Nothing but the lines from the one containing "Telefoonhoesje Toughcase - Eten" through the end of the data should be retyped, exactly as they stand, and pictures should not be retyped.

═══ Listed records

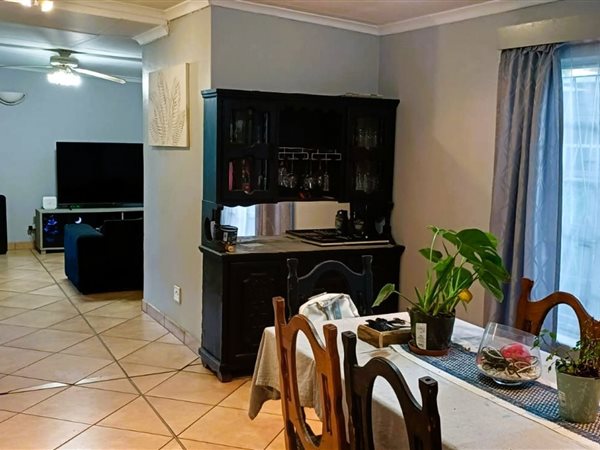 4 Bedroom House 4 Bedroom House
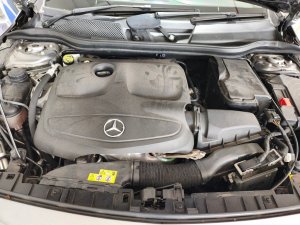 Mercedes Benz Gla180 (r18 Bi)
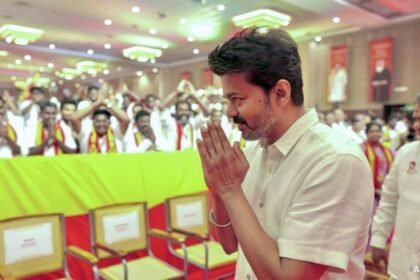 నటుడు విజయ్ సమస్యాత్మక జలాల్లో చేపలు పట్టాడు, కట్చతివూ తిరిగి పొందాలని పిలుపునిచ్చారు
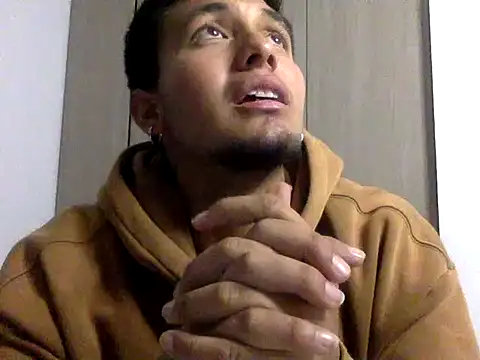 Snapshot of KianxxTeach chatting on 09.15.25 KianxxTeach online show from 09.15.25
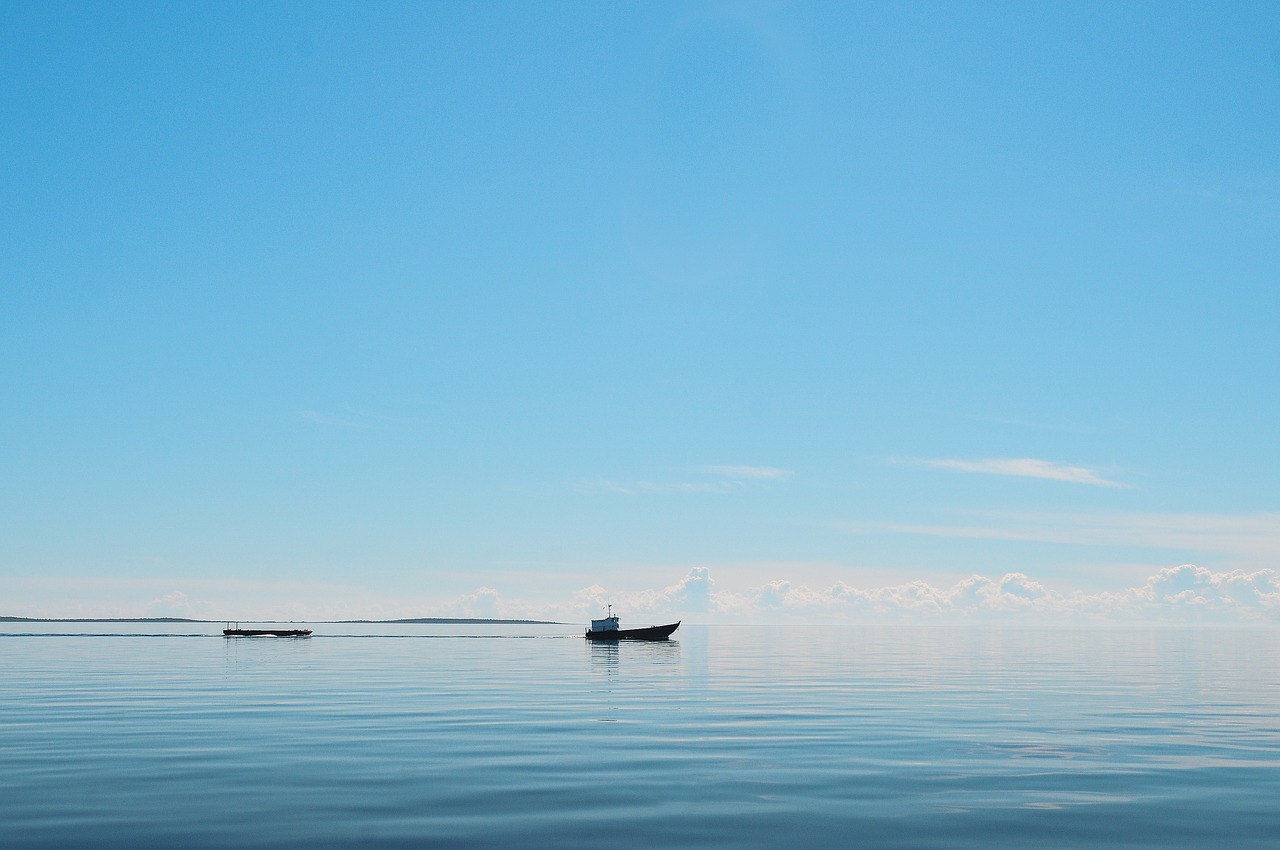 blue sky vessel lake free photo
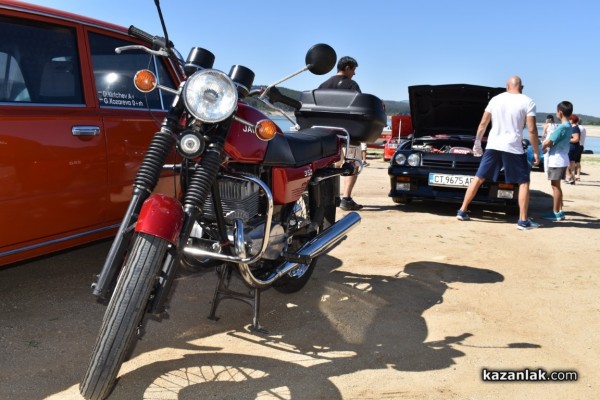 Ретро красавици събираха погледите на яз. Копринка днес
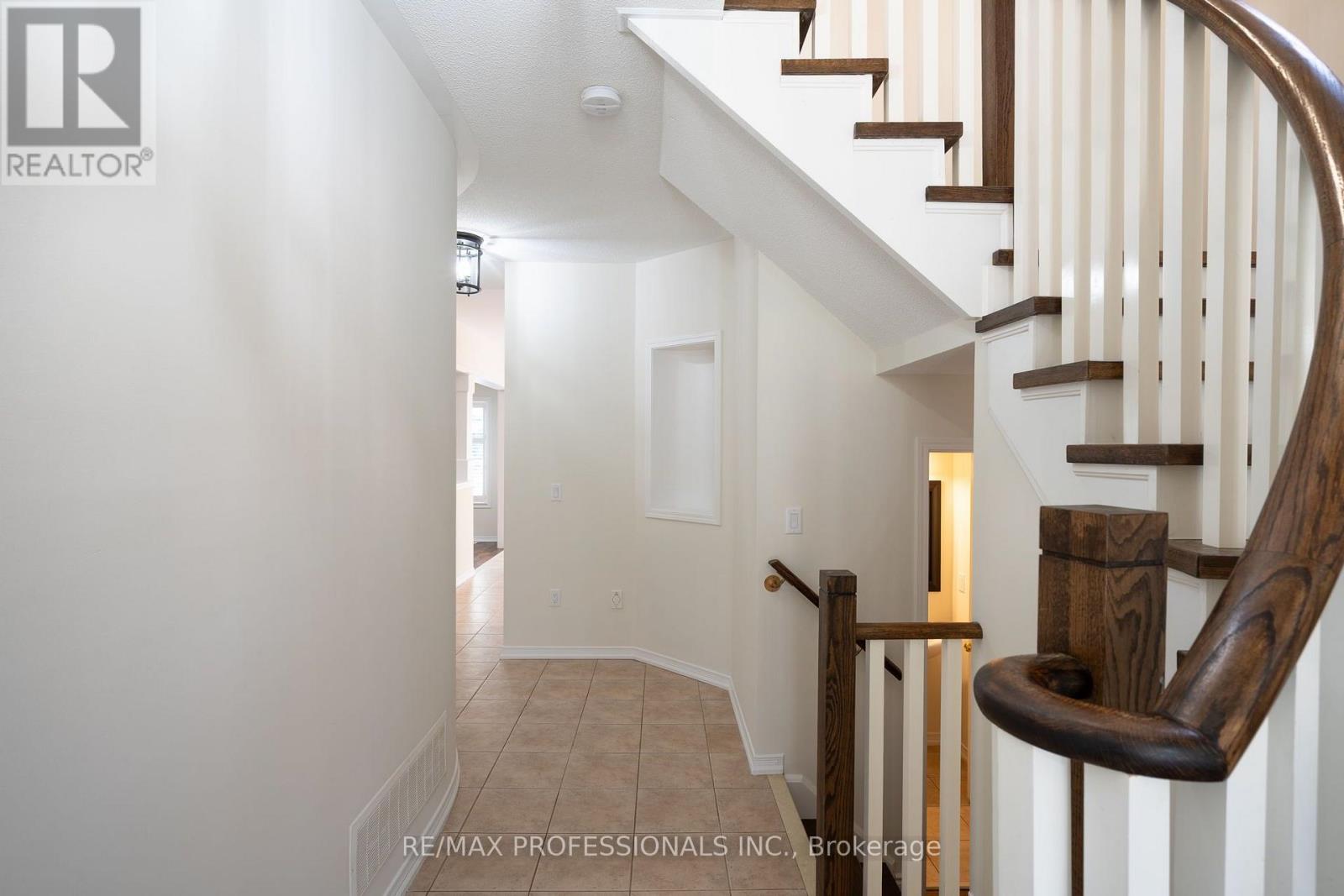 3184 Nixon Gate, Burlington, Ontario  L7M 0C6 - Photo 14 - W13688956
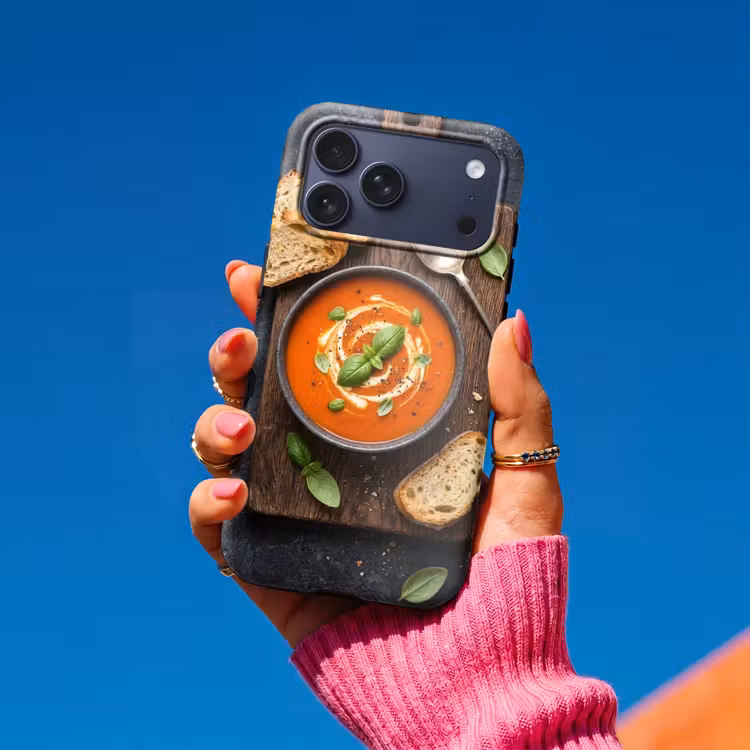 Telefoonhoesje Toughcase - Eten - Soep - Basilicum - Rustiek - Rood — 2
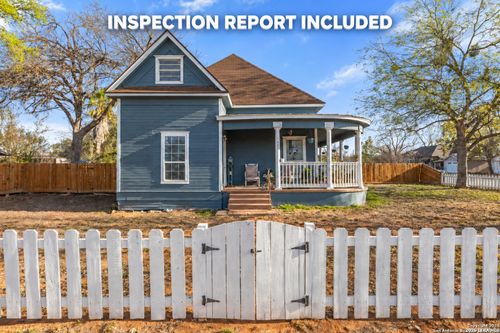 421 E Rio Grande St, Pearsall, TX, 78061-3324 | Card Image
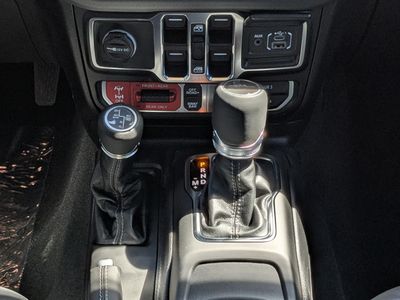 2026 Jeep Gladiator — photo 19 view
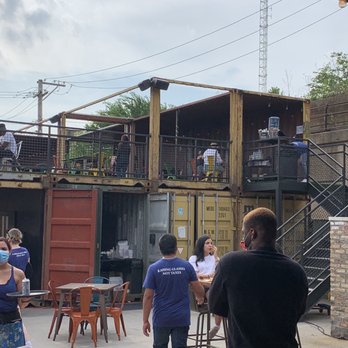Recess - Cool outdoor seating and bar. - American Near Me - Chicago, Illinois Recess - Cool outdoor seating and bar. - American Near Me - Chicago, Illinois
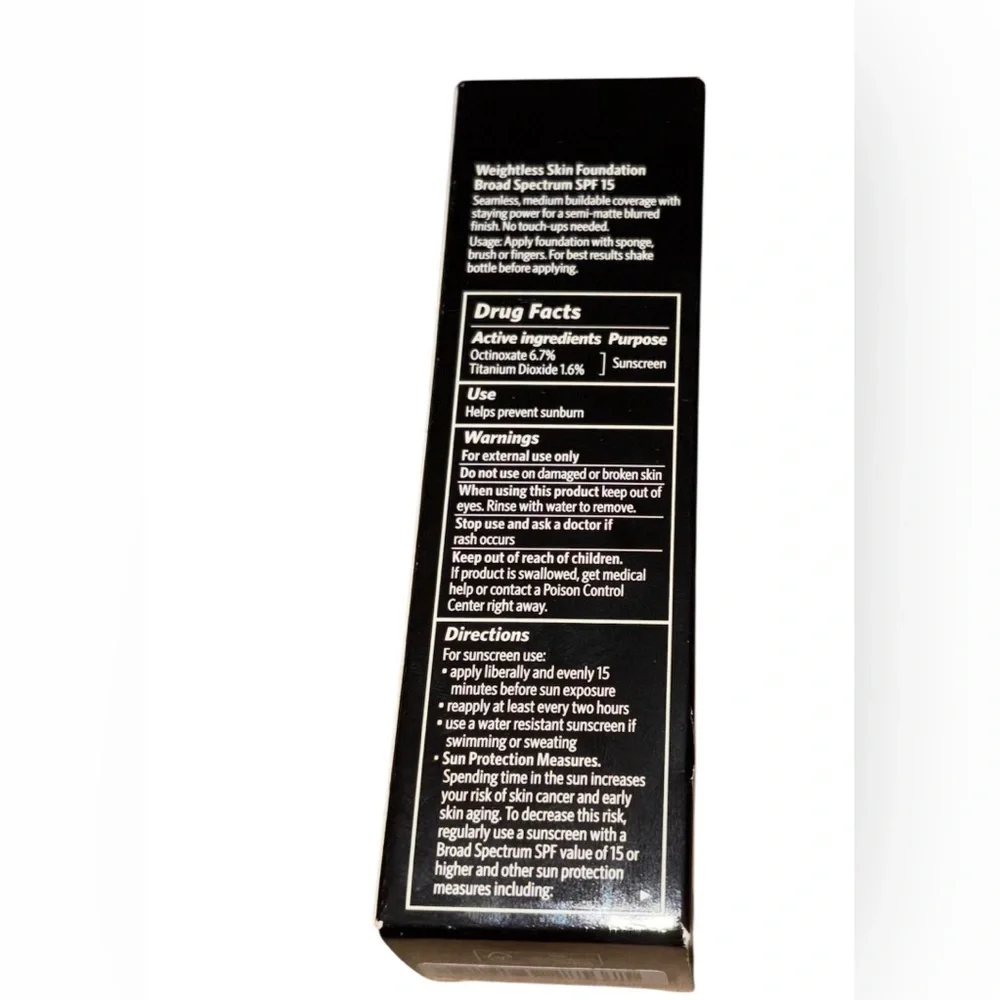 Bobbi Brown Weightless Skin Foundation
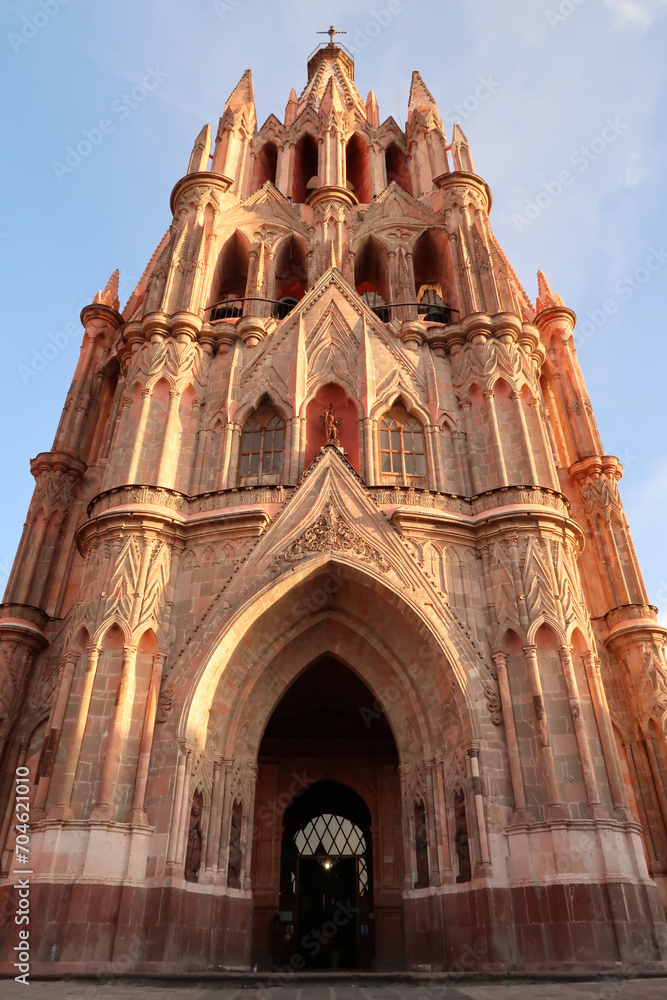Obraz premium The fascinating front facade of the church/cathedral Parroquia de San Miguel Arcangel in San Miguel de Allende, Mexico 2022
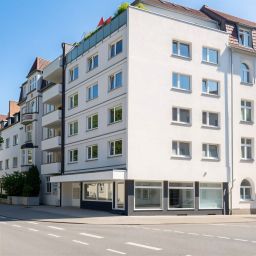 Große, renovierte Eigentumswohnung – auch WG geeignet – im Kreuzviertel möchte entdeckt werden!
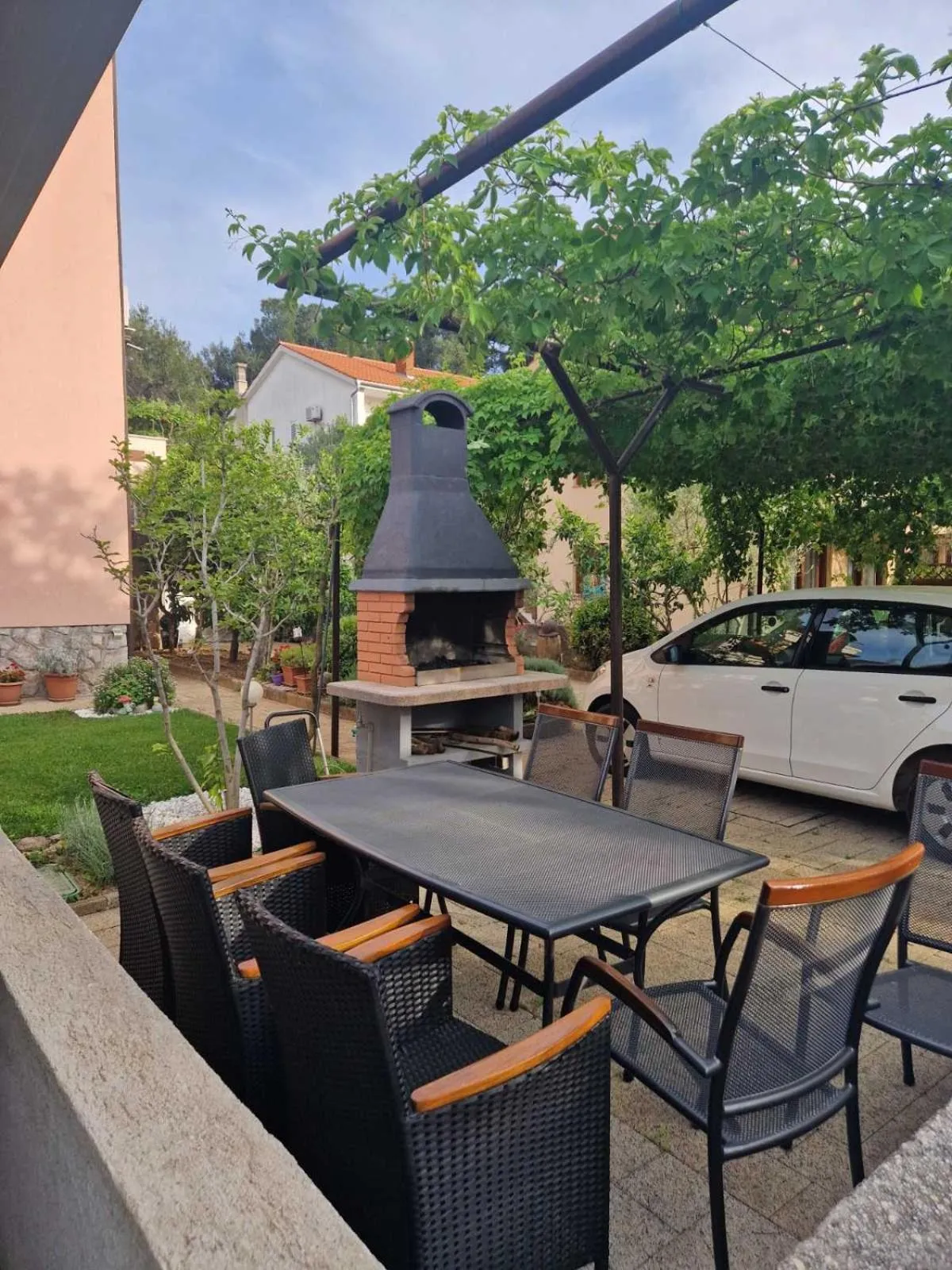 BBQ facilities in Apartman Ruza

══════

▶ _Completed exercise_:
 Telefoonhoesje Toughcase - Eten - Soep - Basilicum - Rustiek - Rood — 2
 421 E Rio Grande St, Pearsall, TX, 78061-3324 | Card Image
 2026 Jeep Gladiator — photo 19 view
Recess - Cool outdoor seating and bar. - American Near Me - Chicago, Illinois Recess - Cool outdoor seating and bar. - American Near Me - Chicago, Illinois
 Bobbi Brown Weightless Skin Foundation
Obraz premium The fascinating front facade of the church/cathedral Parroquia de San Miguel Arcangel in San Miguel de Allende, Mexico 2022
 Große, renovierte Eigentumswohnung – auch WG geeignet – im Kreuzviertel möchte entdeckt werden!
 BBQ facilities in Apartman Ruza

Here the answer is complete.